Libstar’s portfolio currently comprises five product categories; 18 business units; 12 sales, marketing and operational teams; and 17 back-office teams. The top six divisions of the group contribute more than 80% of the group’s value.

"Management is actively scoping and quantifying initiatives designed to reduce reporting and operating complexity in a manner that leverages existing group resources. These structural changes are intended to improve Libstar’s category and channel strategy execution through the establishment of dedicated category and channel leadership teams," he noted.

The successful integration of Multicup and Rialto food service businesses has been instrumental to the growth of the Group’s food service channel in the six-month period, he illustrated.

Additionally, Libstar will actively reduce its exposure to unprofitable product lines, non-food categories and marginal return businesses.

"The strategic intent to dispose of the household and personal care products division remains and the group is in the process of formalising the appropriate adviser mandates.
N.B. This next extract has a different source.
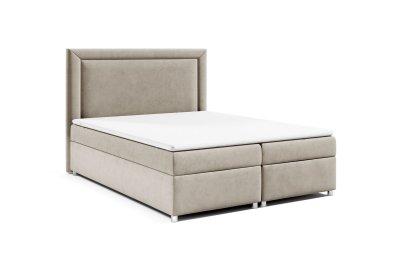 Łóżko kontynentalne K-3 z pojemnikiem i zagłowiem 200x200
"However, we recognise that market conditions may not be conducive to a short-term exit of the business. The group has therefore focused its efforts on the operational turnaround of the business," he said.

The successful execution of value-accretive initiatives, including the discontinuation of unprofitable product lines, improved procurement practices as well as relentless focus on production efficiencies, have contributed to a significantly improved operating result for the household and personal care products division.
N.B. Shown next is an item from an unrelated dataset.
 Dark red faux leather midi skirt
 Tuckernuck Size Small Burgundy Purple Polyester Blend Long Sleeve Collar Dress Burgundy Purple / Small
"The division achieved normalised Ebitda during the half-year of R21-million, which is well ahead of its 2022 full year performance of R12-million," he highlighted.

Similarly, Libstar will close the unprofitable Eastern Cape distribution channel for its Denny Mushrooms business in the second half of the year, which will reduce operating costs by about R9.6-million a year.
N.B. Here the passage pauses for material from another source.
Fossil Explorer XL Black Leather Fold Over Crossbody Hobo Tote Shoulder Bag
"Further, current market and operating conditions, most notably the dependency of farming operations on stable electricity supply, are not conducive to the reinstatement of the Shongweni facility.

"Therefore, the group will retain the R109.7-million proceeds from the insurance claim following a fire at the facility in the first half of 2022 for application to value-accretive opportunities," De Villiers said.

Meanwhile, while Libstar continues to make progress in the execution of its broad-based black economic empowerment and environmental, social and governance strategic imperatives, management’s immediate priority remains the protection of the group’s cash flows by reducing net working capital and capital expenditure, while executing its strategic initiatives.

"Our ambition is to implement the divestment and structural changes by the close of the 2024 financial year. Libstar will also focus its efforts on reducing the interest-bearing debt to normalised Ebitda gearing ratio to 1.5-times," said De Villiers.

Meanwhile, in terms of sustainability, the technical scope, implementation timeframe and cost of alternative energy generation has historically made solar photovoltaic (PV) and battery storage installations unfeasible for most of the group’s complex production facilities.

"Improvements in technology and pricing have, however, provided more viable and accessible solutions. As such, the Group has accelerated its strategy to investigate alternative energy sources and is nearing the completion of technical and financial viability studies pertaining to solar PV installations at two Cape Town manufacturing sites of Amaro Foods," he highlighted.

Libstar’s production requirements preclude it from operating entirely off the grid, but various solar and non-solar options have been and continue to be investigated.

Additional sites have been earmarked for alternative energy viability studies by the end of the financial year.

Libstar is further scoping an offgrid water purification solution at its Lancewood George facility, with an aim to be 90% water neutral. The project is expected to be completed within a timeframe of 12 to 18 months following approval, he added.